**Data supplied**
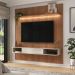 Painel 1 Prateleira para TVs 75' Candói Cinamomo Off White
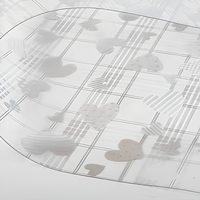TPU transparent respirant imperméable fluorescent personnalisé 0,5 mm 1,37 m PPF organique anti-jaunissement hydrophobe tissu sergé indéchirable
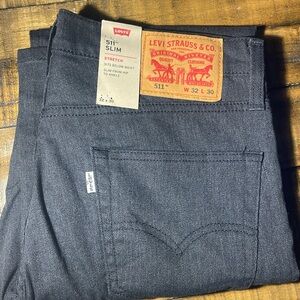 NWT Black Levi jeans 511 slim 32x30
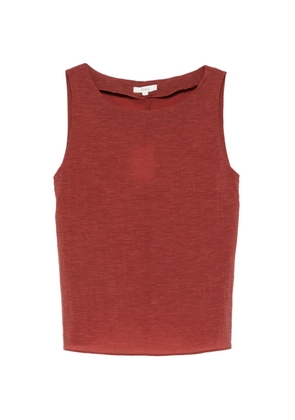 YERSE boat-neck top - Red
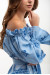 Платье «Барвинок» голубого цвета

**Assignment**
When you reach the line that contains "YERSE boat-neck top - Red", start copying the listing word for word and stop only after its last line, without any pictures.

**Answer box**
 YERSE boat-neck top - Red
 Платье «Барвинок» голубого цвета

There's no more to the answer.